Question

prove that √5 is irrational.

Answer 1

To prove that √5 is irrational number 
Let us assume that √5 is rational 
Then √5 = $\frac{a}{b}$ 
(a and b are co primes, with only 1 common factor and b≠0) 
⇒ √5 = $\frac{a}{b}$ 
(cross multiply) 
⇒ a = √5b 
⇒ a² = 5b² -------> α
⇒ 5/a² 
(by theorem if p divides q then p can also divide q²) 
⇒ 5/a ----> 1 
⇒ a = 5c 
(squaring on both sides) 
⇒ a² = 25c² ----> β 
From equations α and β 
⇒ 5b² = 25c²
⇒ b² = 5c² 
⇒ 5/b² 
(again by theorem) 
⇒ 5/b-------> 2 

we know that a and b are co-primes having only 1 common factor but from 1 and 2 we can that it is wrong. 
This contradiction arises because we assumed that √5 is a rational number 
∴ our assumption is wrong 
∴ √5 is irrational number 

Answer 2

$\sqrt{5} \ is \ an \ irrational \ number.$

Given:

$\sqrt{5}$

To prove:

$\sqrt{5} \ is \ a \ irrational \ number$

Solution:

Let us consider that $\sqrt{5}$ is a “rational number”.

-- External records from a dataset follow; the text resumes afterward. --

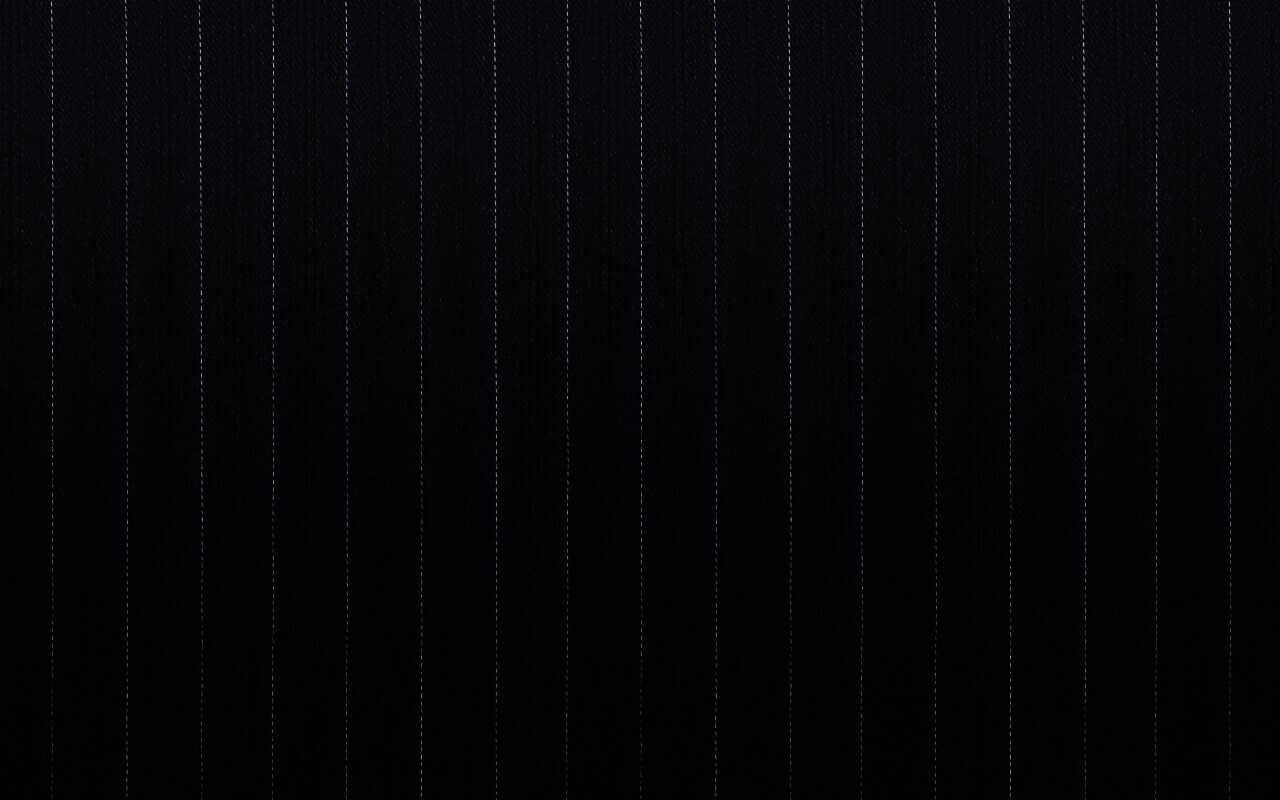 Джинсовая ткань обои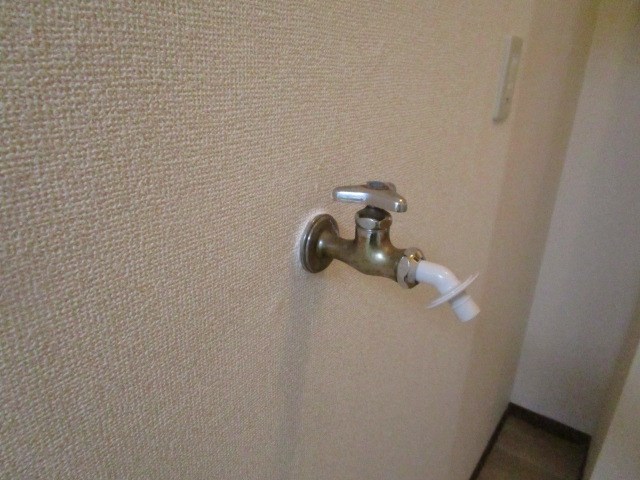 レイクコーポＢ その他9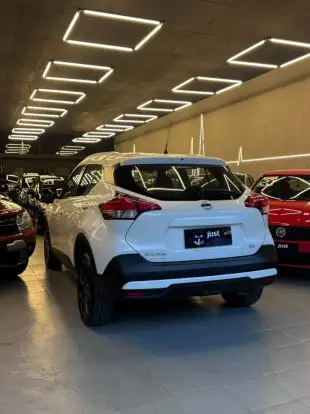 NISSAN-KICKS-2019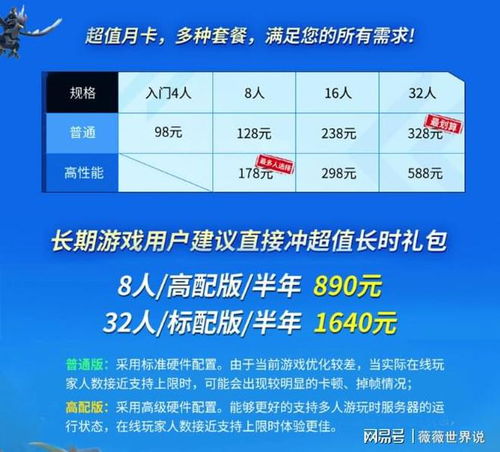 云服务器搭建方案设计(10个设计人员的公司,云服务器怎么配置比较好 )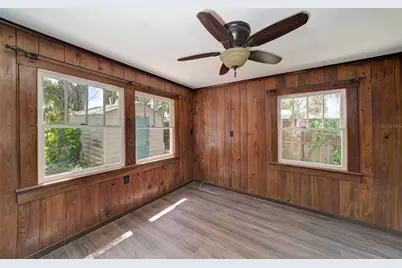 1609 Saffold Park Drive, Ruskin, FL 33570 - Photo 25
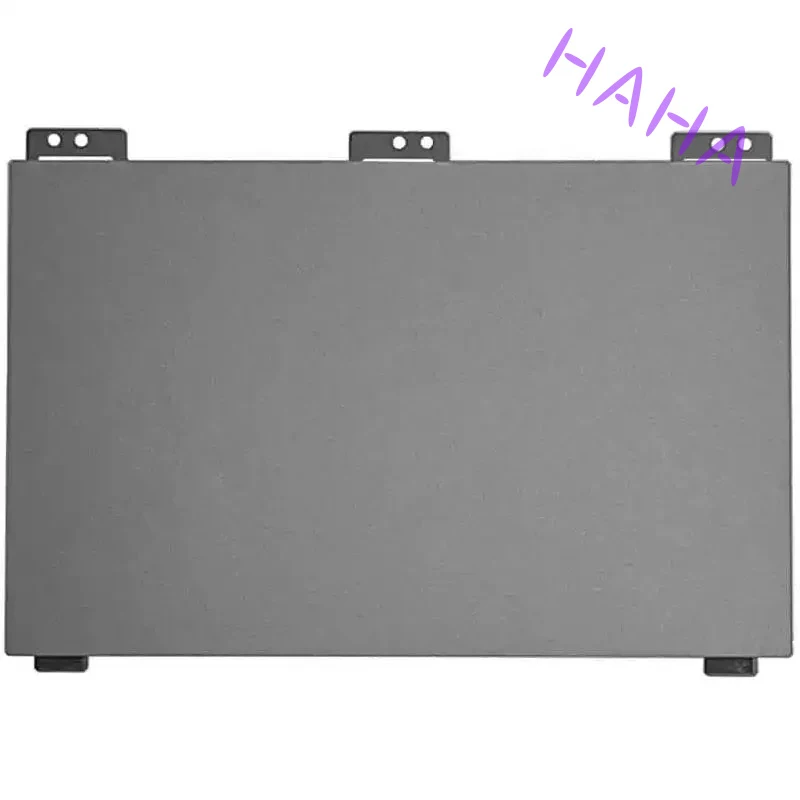 A+ Touchpad Trackpad Clickpad For HP Spectre x360 14-EA X3C Brown/Blue Color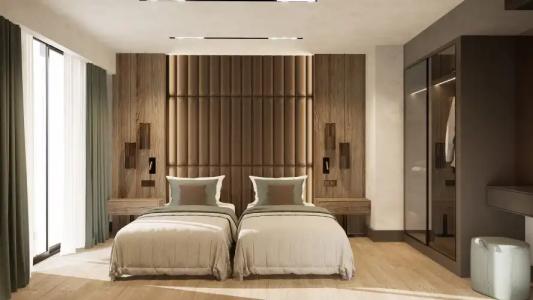 Royal Diwa Tekirova Resort - Ultra All Inclusive - 159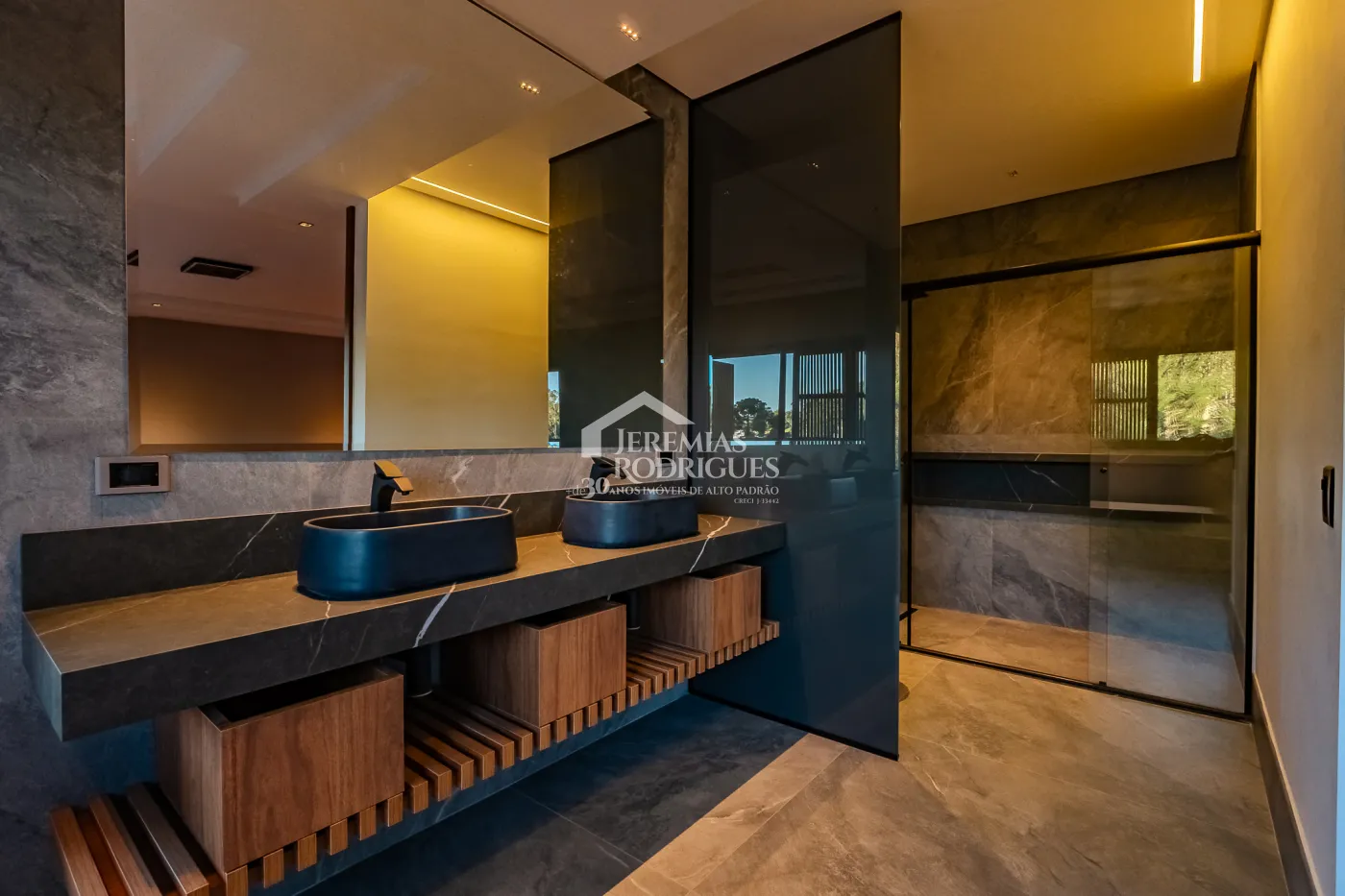 Casa de 2727 m² à venda por R$ 15.000.000,00 - Campos do Jordão/SP
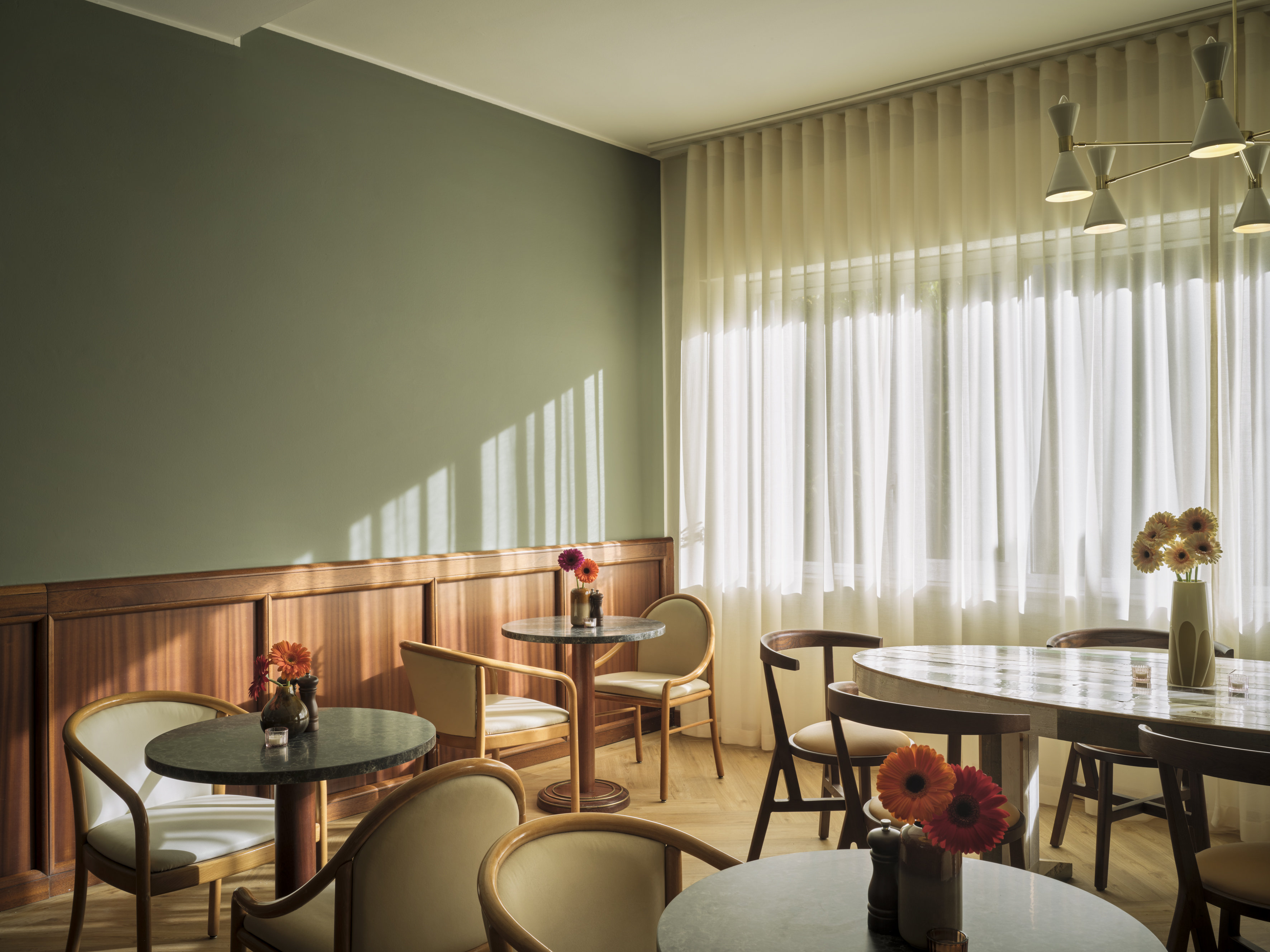 Max Brown Hotel Missori, part of Sircle Collection 41/56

We were told that the rational numbers will be in the “form” of $\frac {p}{q}$ form Where “p, q” are integers.

So,

$\sqrt { 5 } =\frac {p}{q}$

$p = \sqrt { 5 } \times q$

we know that 'p' is a “rational number”.

So, $5 \times q$ should be normal as it is equal to p

But it did not happens with √5 because it is “not an integer”

Therefore, $p \neq\sqrt{5}q$

This denies that $\sqrt{5}$ is an “irrational number”

So, our consideration is false and $\sqrt{5}$ is an “irrational number”.